EXERCISE AIM:
Here are some records; quote them exactly, leaving out the pictures.

[Brief descriptive captions]
%%

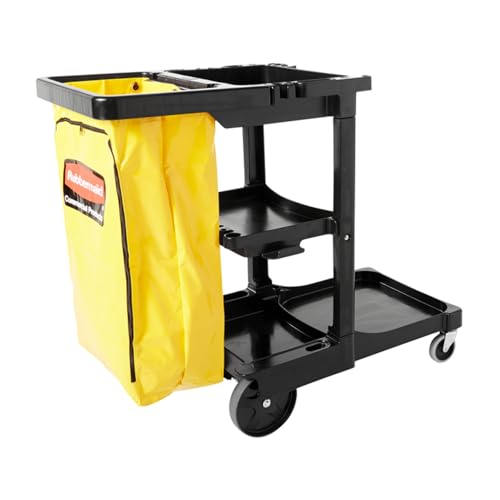 Rubbermaid Commercial Traditional Janitorial 3-Shelf Cleaning Cart, Wheeled with Zippered Yellow Vinyl Bag, for Business/School/Office/Janatorial Cleaning - style: Open Sided - Black
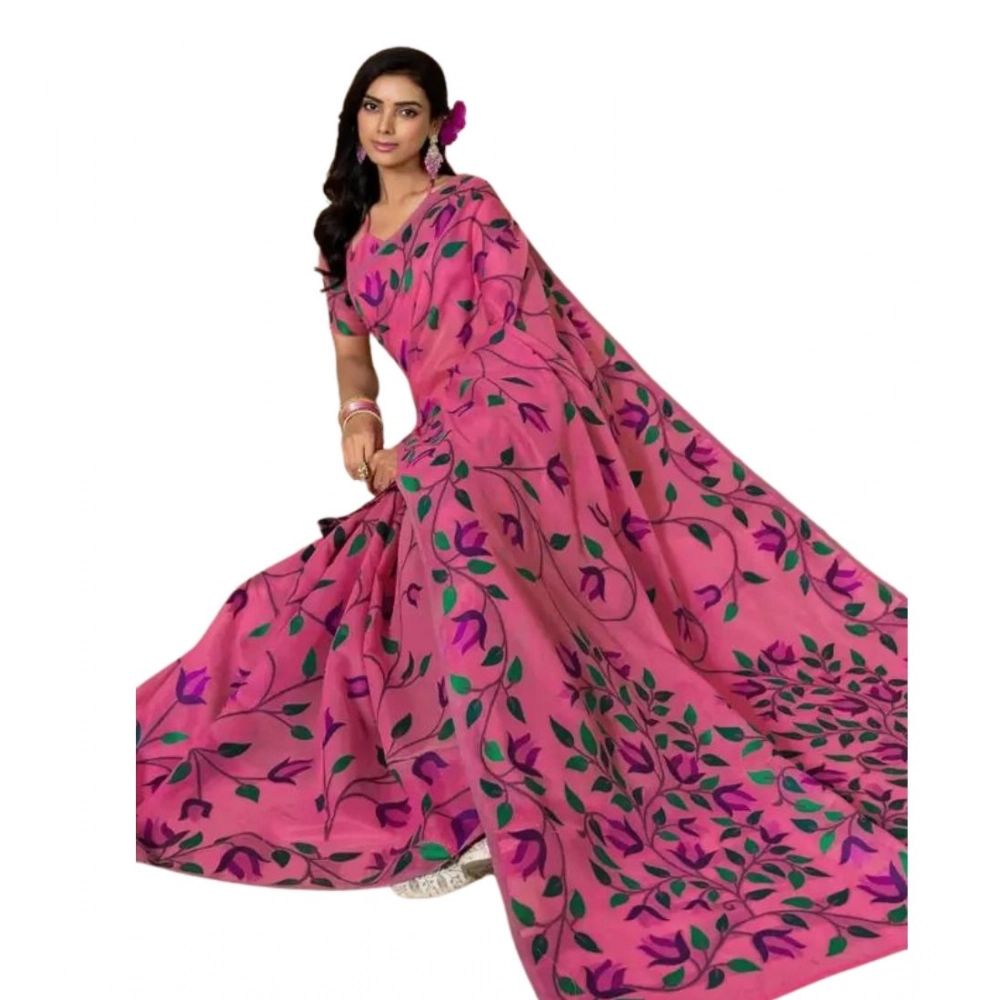 Women's Georgette Printed Saree With Unstitched Blouse 5.5Mtr (Pink)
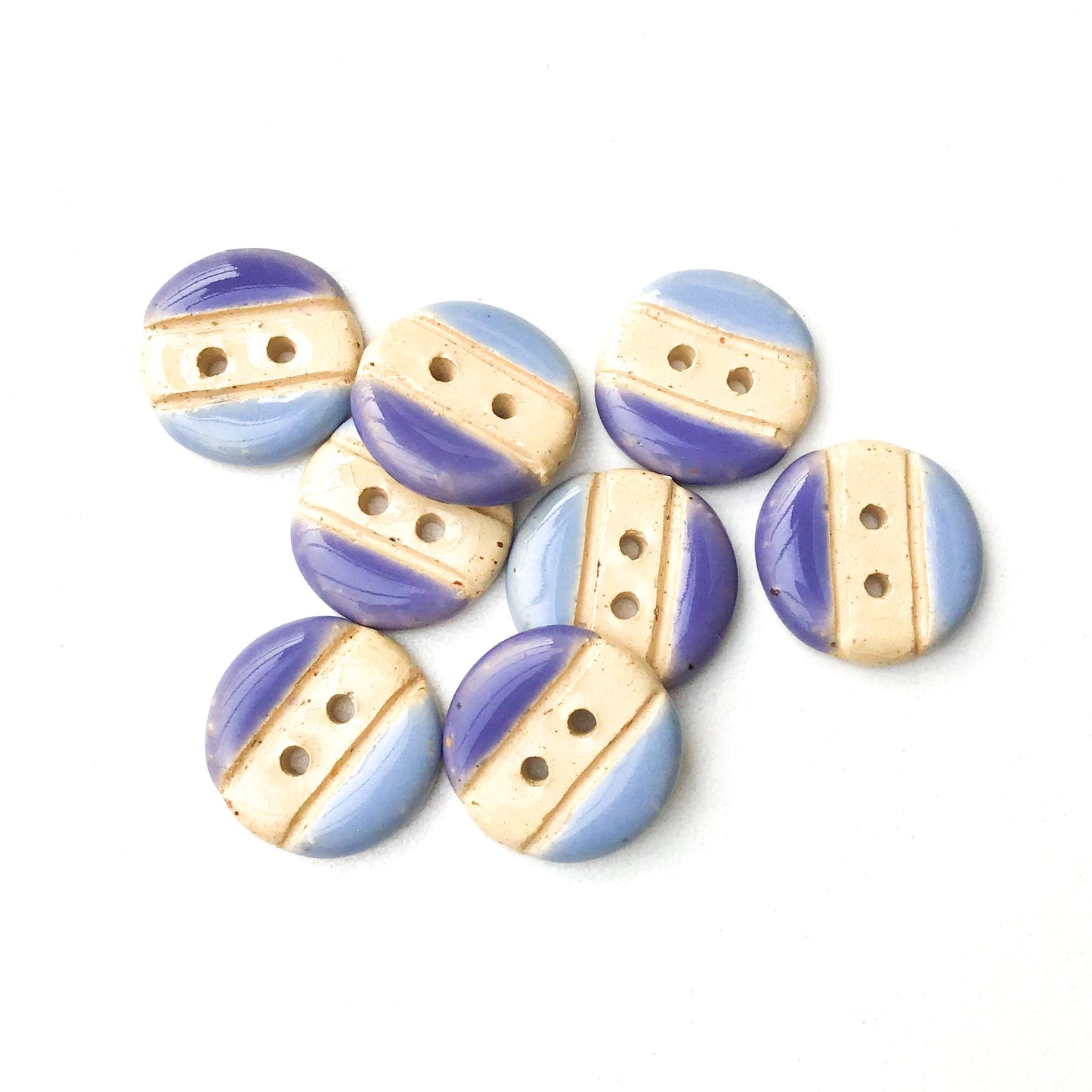 Sky & Purple-Blue Ceramic Buttons on Buff Clay - Round Ceramic Buttons - 11/16" - 8 Pack (ws-192)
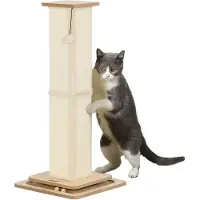 PawHut 3-in-1 Kratzstamm, 87cm Kratzsäule, Sisal-Katzenkratzbaum mit Spielball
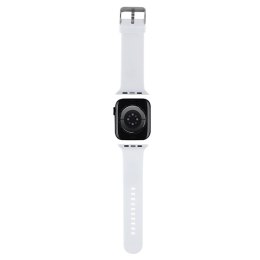 Karl Lagerfeld Pasek KLAWMSLKNH Apple Watch 38/40/41mm biały/white strap 3D Rubber Karl Head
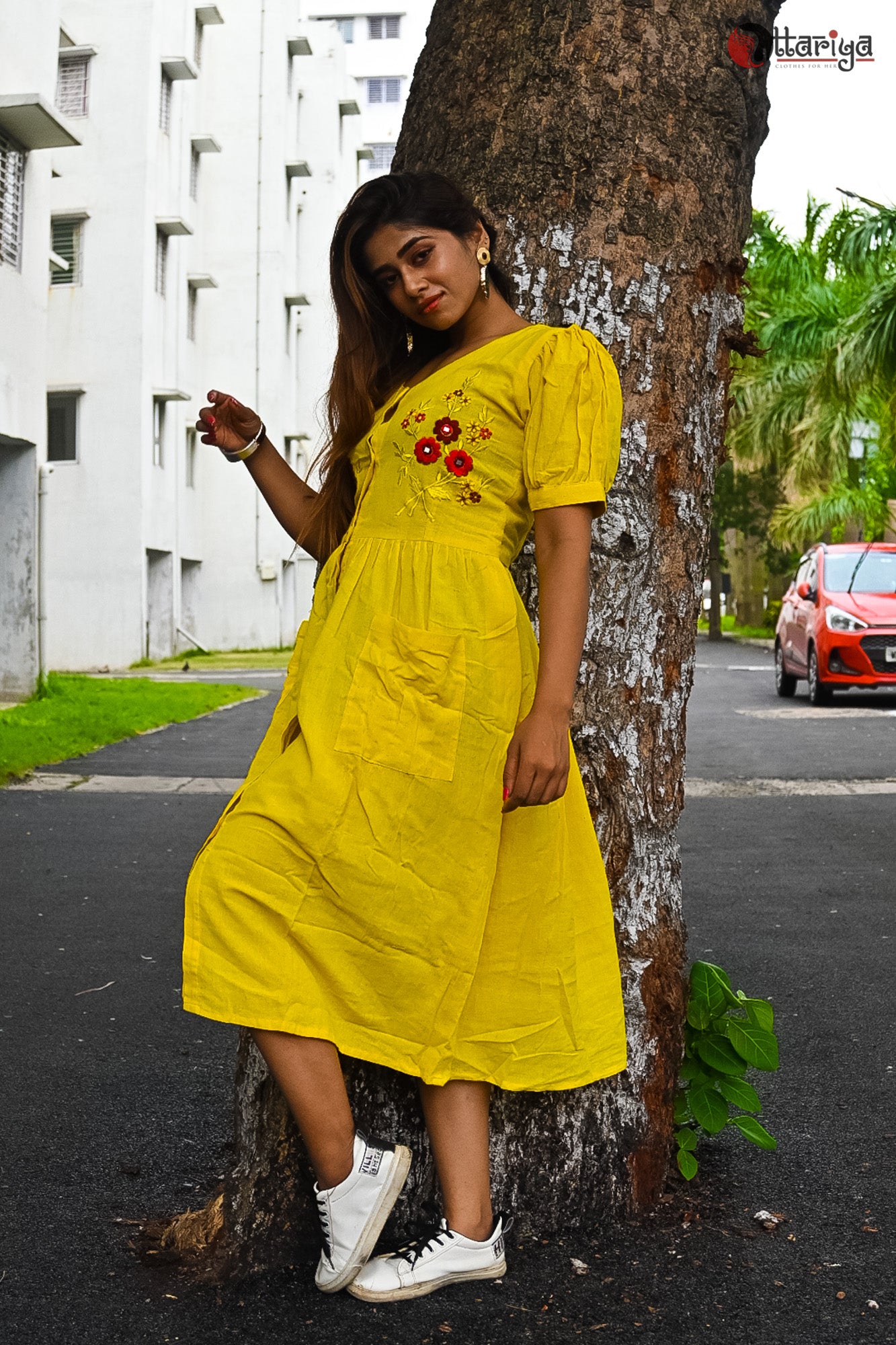Yellow Rose Khadi Dress - Uttariya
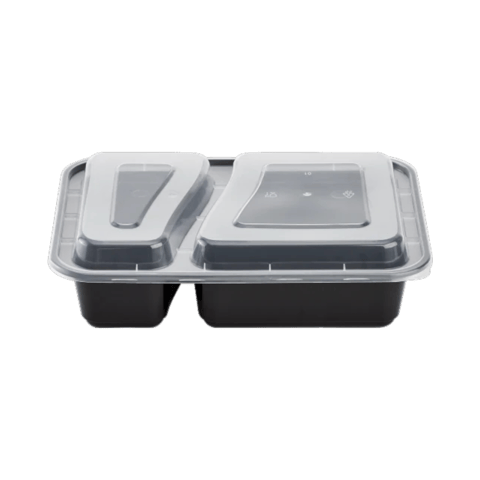 30 oz. Black 2-Compartment Rectangular Microwavable Heavy Weight Plastic Food Containers with Lids - (150/Case)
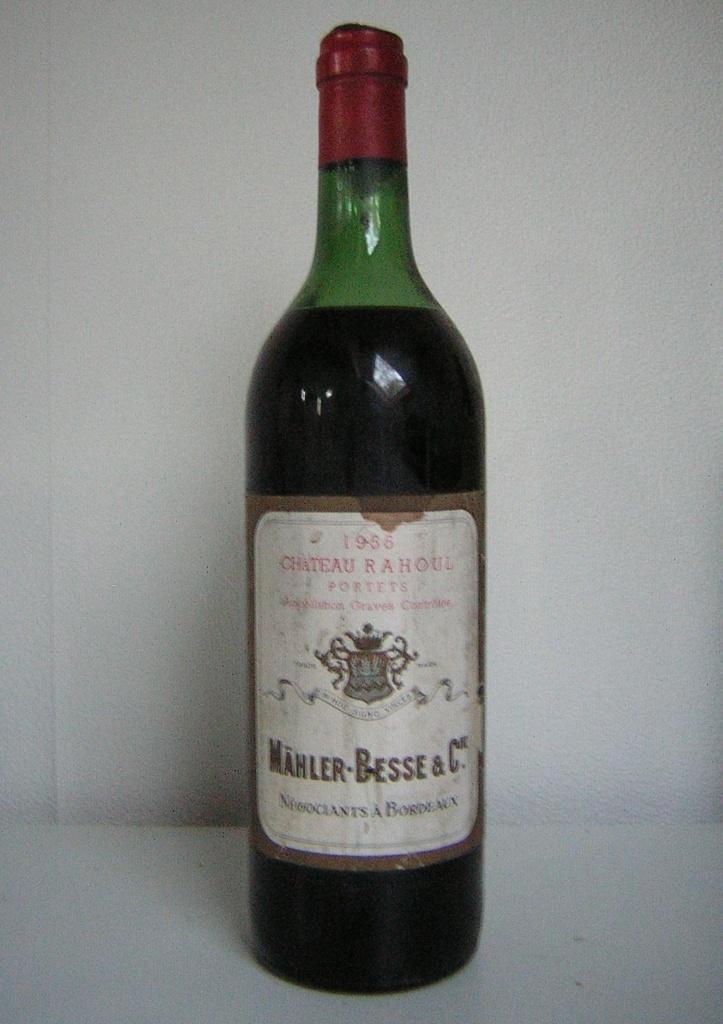 wijn 1955 Chateau Rahoul Portets Graves . 70 Jaar Oud.., Verzamelen, Wijnen, Nieuw, Rode wijn, Frankrijk, Vol, Ophalen of Verzenden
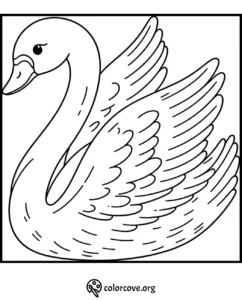 Elegant swan coloring page. Printable swan drawing for kids and adults to color. Free swan coloring sheet from colorcove.org.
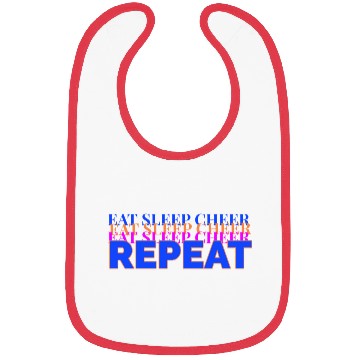 Discover eat sleep cheer repeat quote red nostalgia Bibs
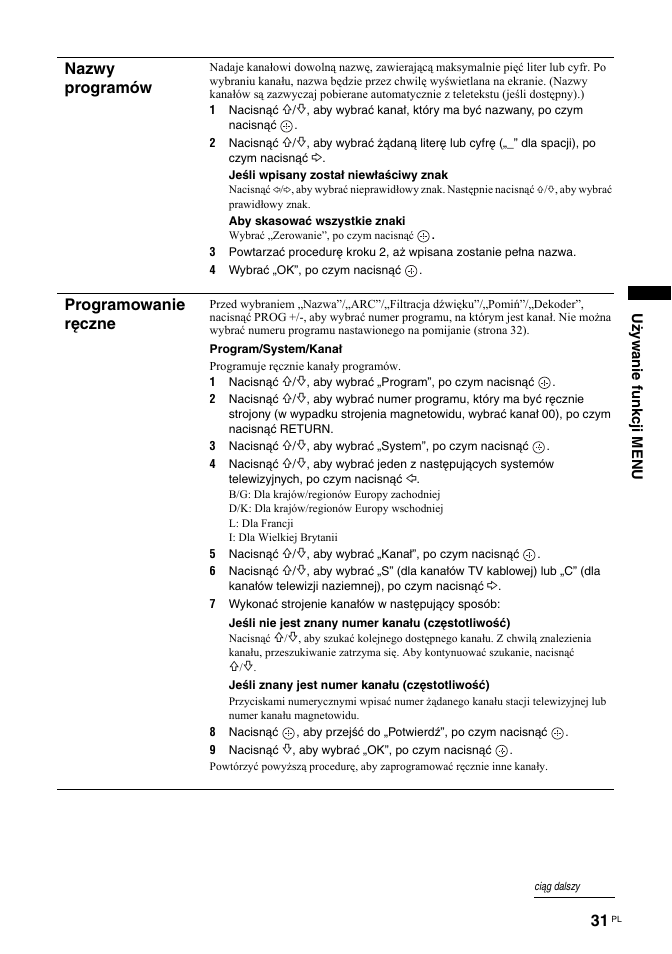 Nazwy programów, Programowanie ręczne | Sony KDL-32S2030 User Manual | Page 117 / 129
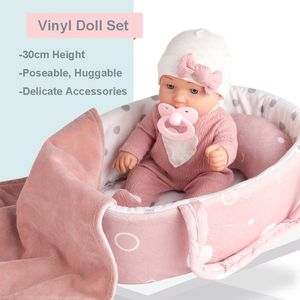 12/30 cm bébé poupée Playset dans une boîte cadeau avec accessoires rose sucette vinyle Reborn poupée jouet cadeau de noël pour fille garçon enfant 240226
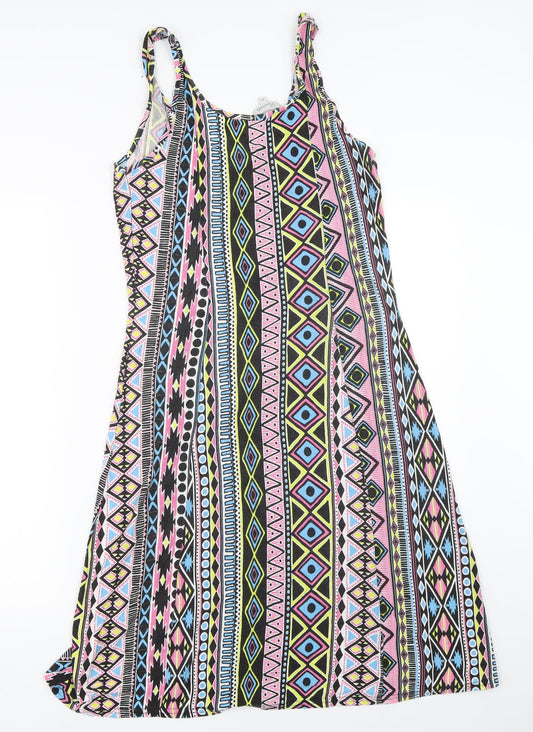 Back view of Peacocks women’s pink geometric trapeze & swing, size UK 10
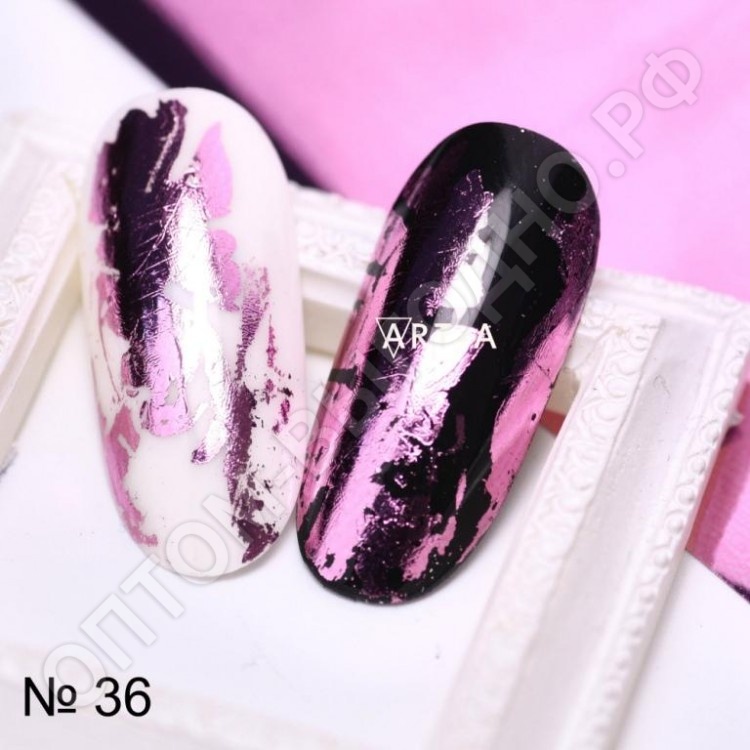 Фольга для дизайна ногтей лиловый металлик №36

%%

RESULT FOR THIS TASK:
 Rubbermaid Commercial Traditional Janitorial 3-Shelf Cleaning Cart, Wheeled with Zippered Yellow Vinyl Bag, for Business/School/Office/Janatorial Cleaning - style: Open Sided - Black
 Women's Georgette Printed Saree With Unstitched Blouse 5.5Mtr (Pink)
 Sky & Purple-Blue Ceramic Buttons on Buff Clay - Round Ceramic Buttons - 11/16" - 8 Pack (ws-192)
 PawHut 3-in-1 Kratzstamm, 87cm Kratzsäule, Sisal-Katzenkratzbaum mit Spielball
 Karl Lagerfeld Pasek KLAWMSLKNH Apple Watch 38/40/41mm biały/white strap 3D Rubber Karl Head
Yellow Rose Khadi Dress - Uttariya
 30 oz. Black 2-Compartment Rectangular Microwavable Heavy Weight Plastic Food Containers with Lids - (150/Case)
 wijn 1955 Chateau Rahoul Portets Graves . 70 Jaar Oud.., Verzamelen, Wijnen, Nieuw, Rode wijn, Frankrijk, Vol, Ophalen of Verzenden
 Elegant swan coloring page. Printable swan drawing for kids and adults to color. Free swan coloring sheet from colorcove.org.
 Discover eat sleep cheer repeat quote red nostalgia Bibs
 Nazwy programów, Programowanie ręczne | Sony KDL-32S2030 User Manual | Page 117 / 129
 12/30 cm bébé poupée Playset dans une boîte cadeau avec accessoires rose sucette vinyle Reborn poupée jouet cadeau de noël pour fille garçon enfant 240226
 Back view of Peacocks women’s pink geometric trapeze & swing, size UK 10
 Фольга для дизайна ногтей лиловый металлик №36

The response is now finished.